▶ **Task details**:
As an exercise in exact copying, transcribe the lines below from the one holding "Podcast Recording with" through the last, with both ends included and pictures left out.

▶ **Data for this exercise**:
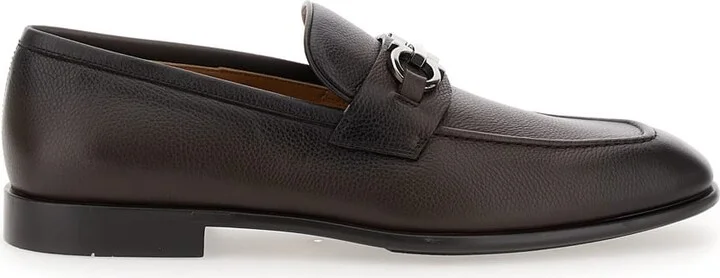 'foster' Brown Loafers With Gancini Detail In Leather Man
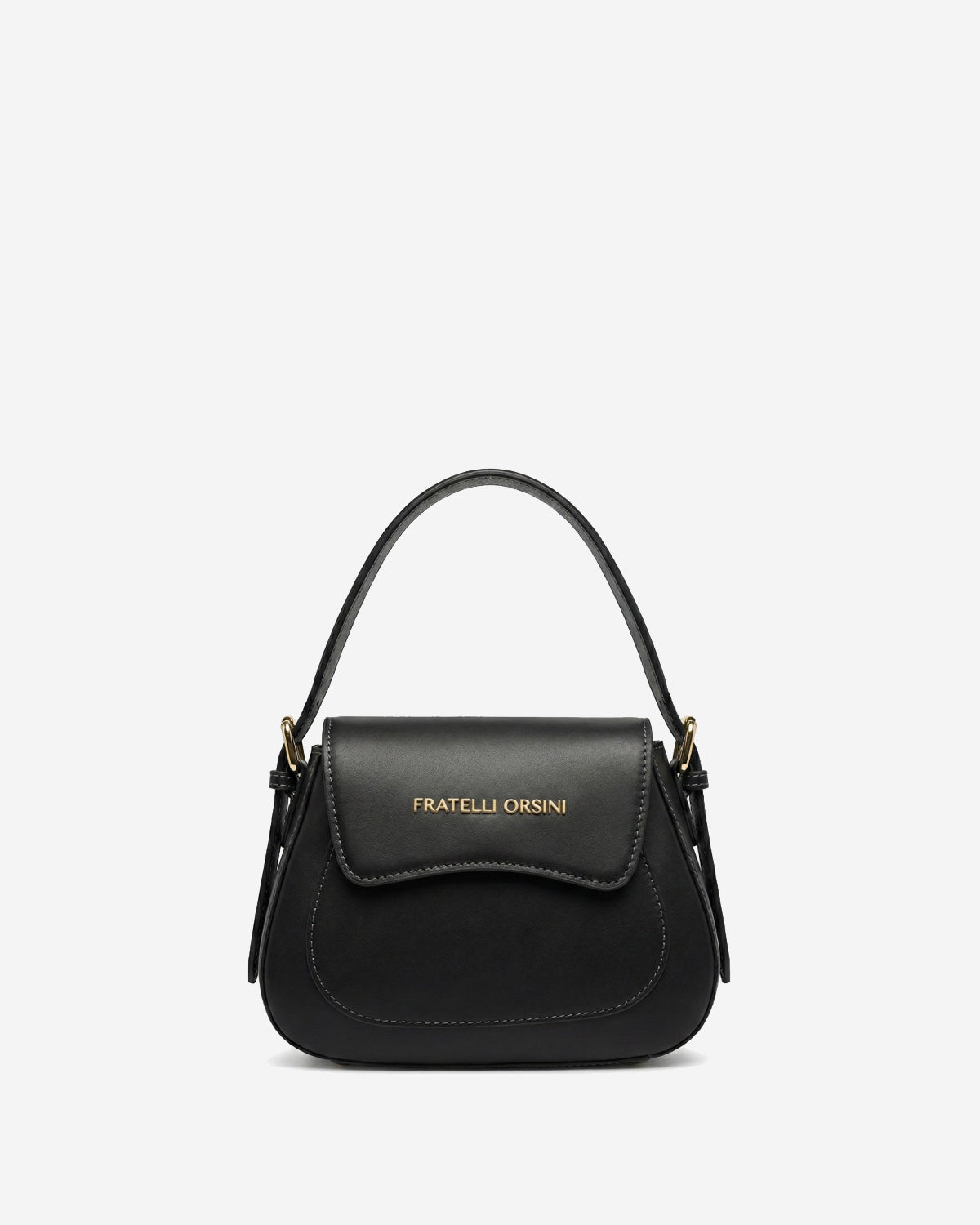 Ottavia (black) - Italian calf leather women's crossbody bag (with shoulder strap) - Glamourous Grace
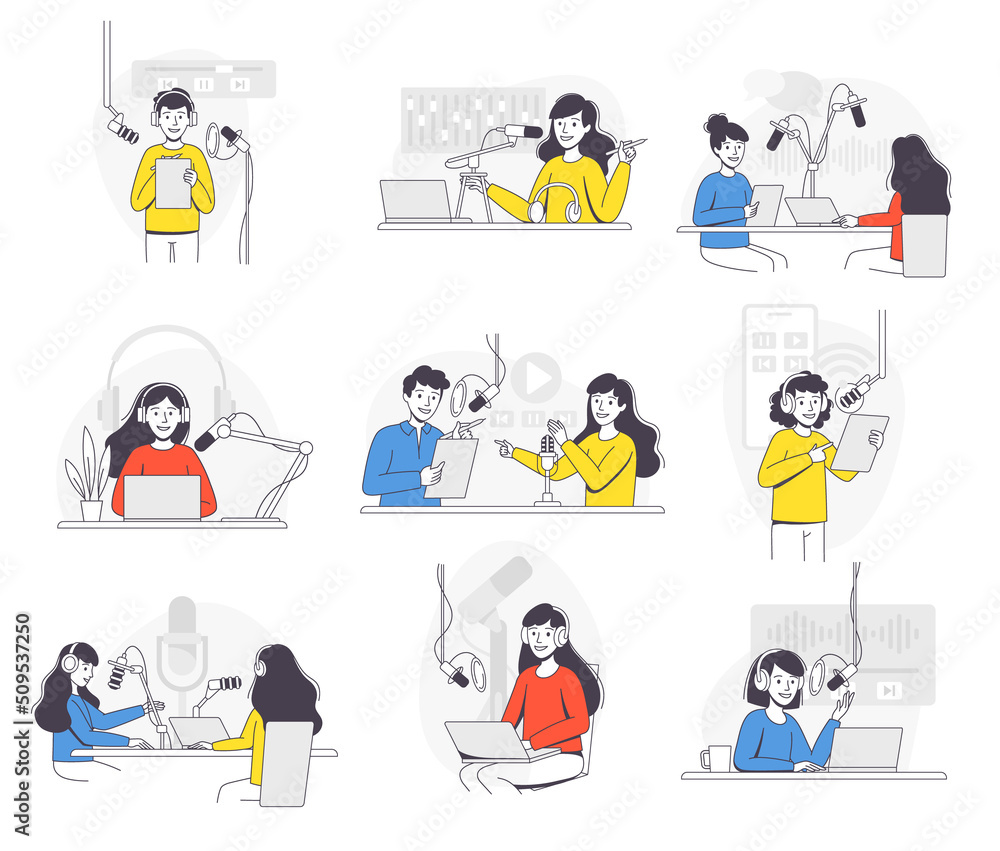 Podcast Recording with Young Man and Woman with Microphone Broadcasting and Live Streaming Outline Vector Set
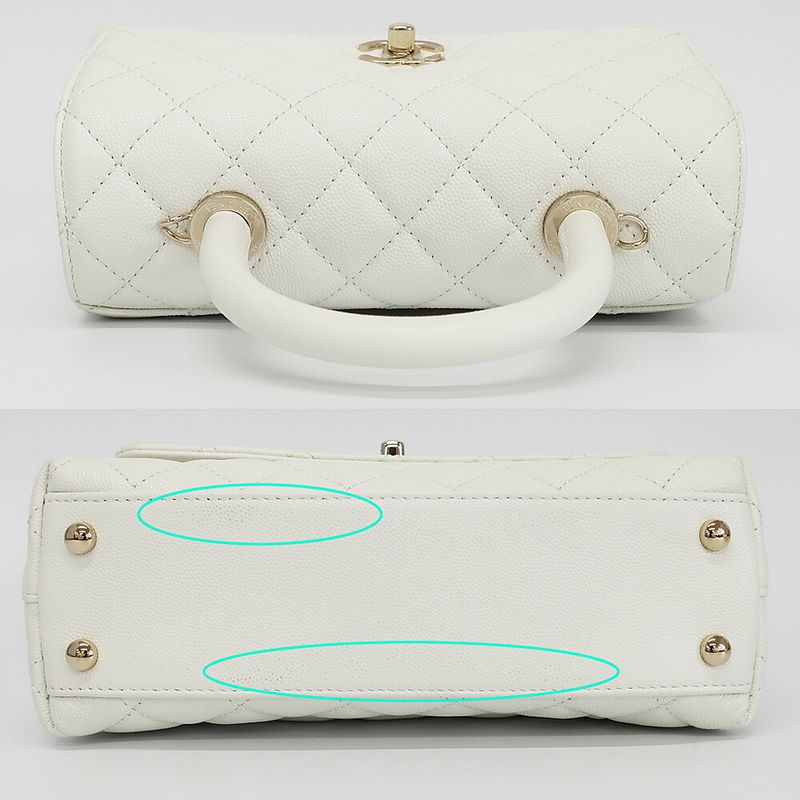 Chanel Coco Handle 24 Shoulder Bag White Gold Caviar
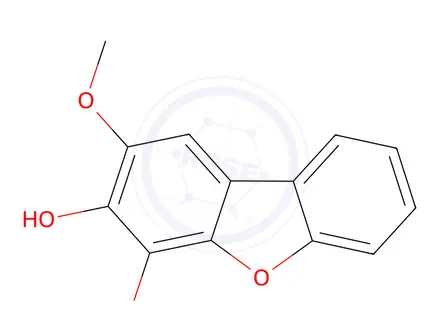 Chemical structure of 2,4-Dimethoxydibenzo[b,d]furan-3-ol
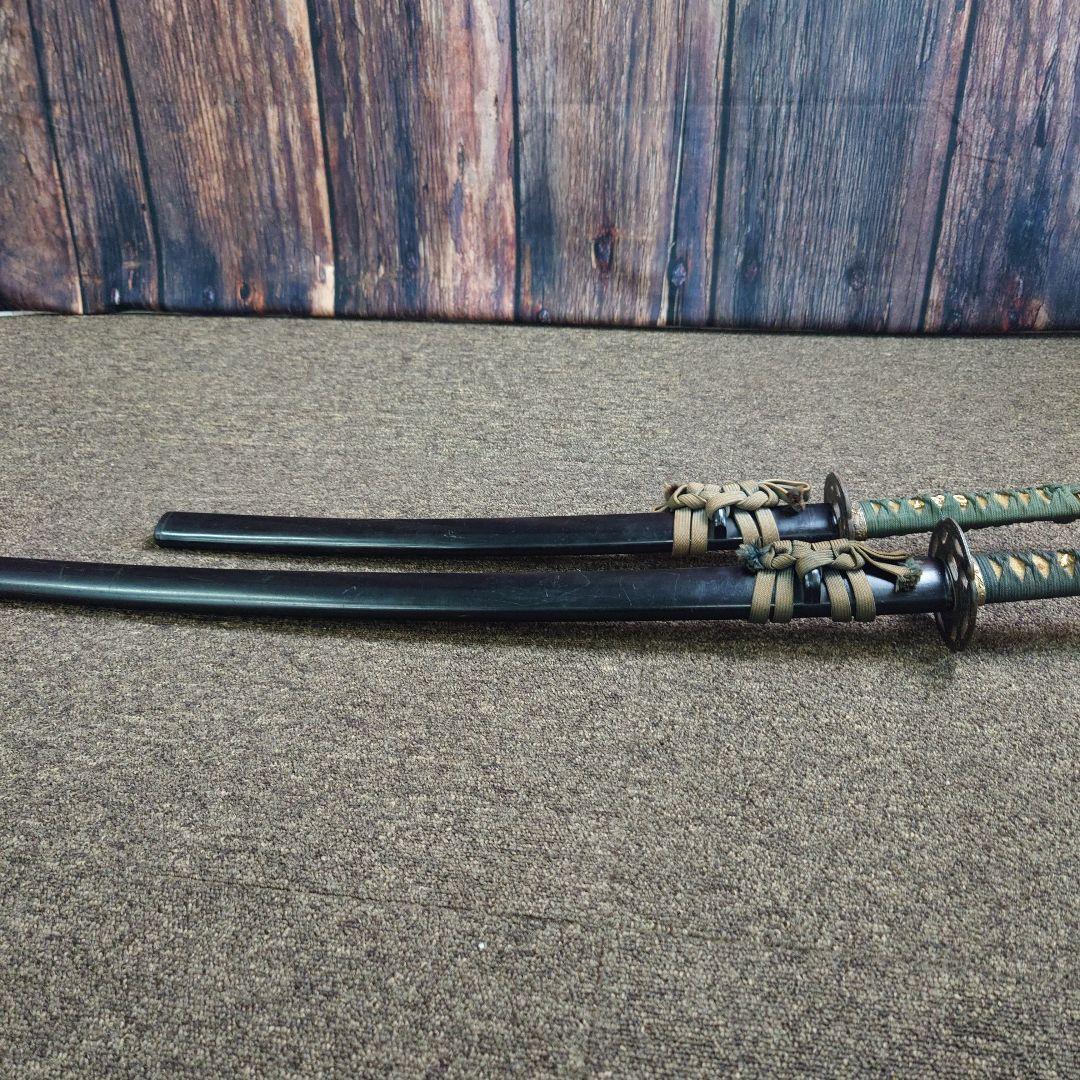 日本刀 鞘付き模造刀 大小2本セット 観賞用 柄グリーン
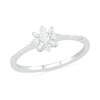 Thumbnail Image 0 of 0.23 CT. T.W. Baguette and Round Diamond Flower Promise Ring in 10K White Gold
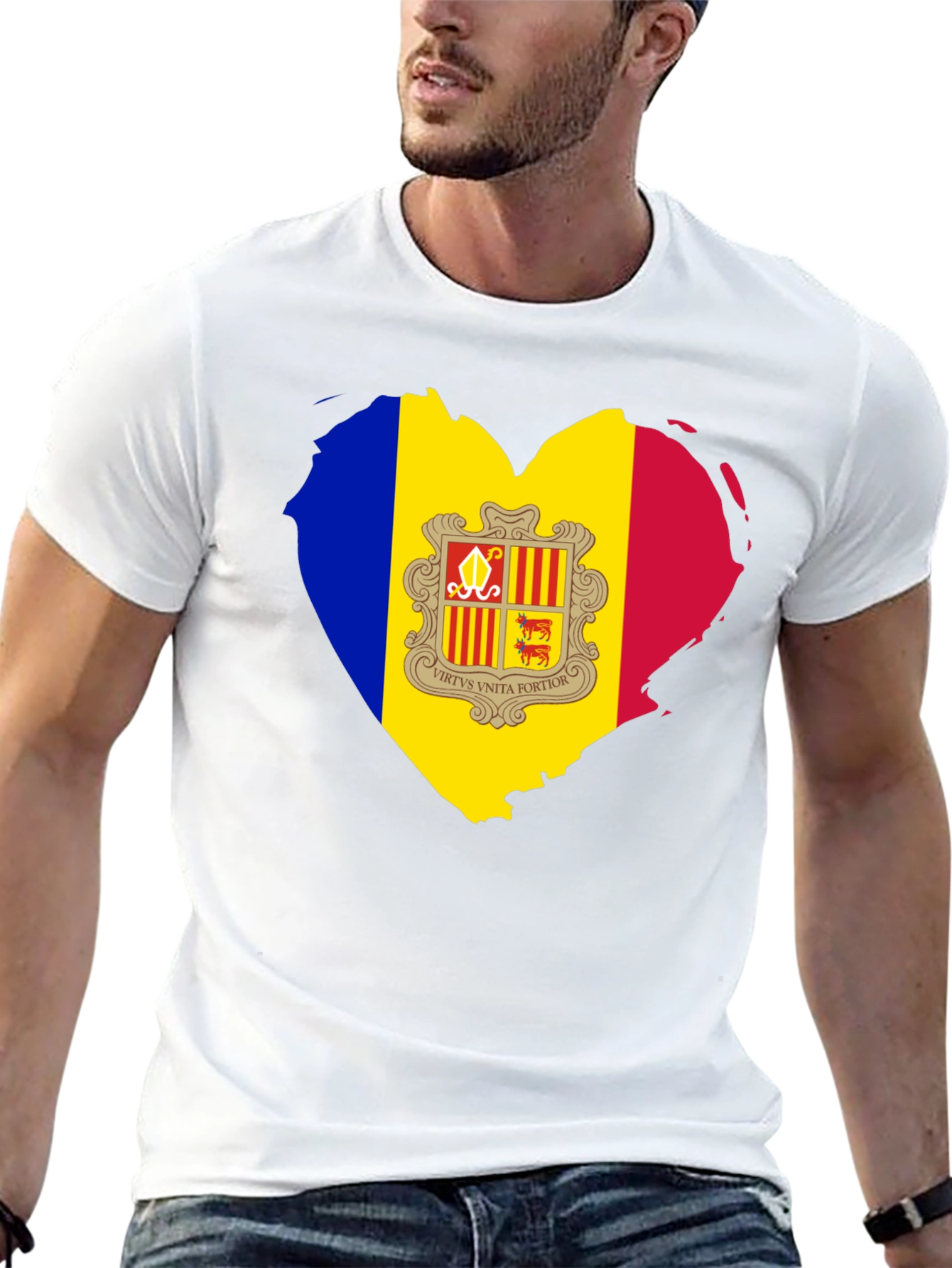 Andorra Flag Heart T-Shirt - Black Cotton Tee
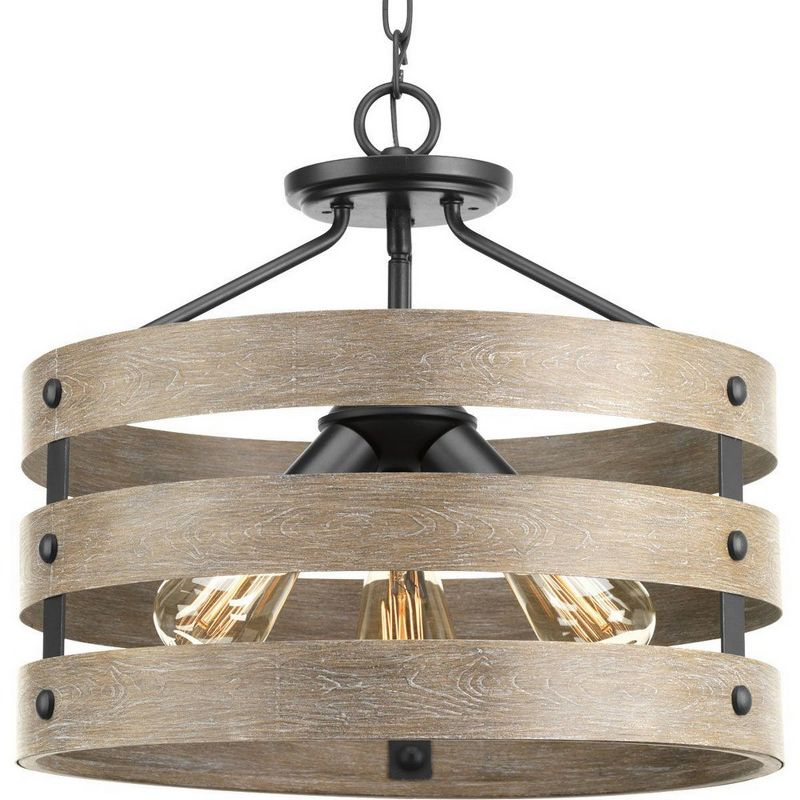Progress Lighting Gulliver 3-Light Semi-Flush Convertible Ceiling Light, Graphite, Wood Grained Texture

▶ **Task solution**:
 Podcast Recording with Young Man and Woman with Microphone Broadcasting and Live Streaming Outline Vector Set
 Chanel Coco Handle 24 Shoulder Bag White Gold Caviar
 Chemical structure of 2,4-Dimethoxydibenzo[b,d]furan-3-ol
 日本刀 鞘付き模造刀 大小2本セット 観賞用 柄グリーン
 Thumbnail Image 0 of 0.23 CT. T.W. Baguette and Round Diamond Flower Promise Ring in 10K White Gold
 Andorra Flag Heart T-Shirt - Black Cotton Tee
Progress Lighting Gulliver 3-Light Semi-Flush Convertible Ceiling Light, Graphite, Wood Grained Texture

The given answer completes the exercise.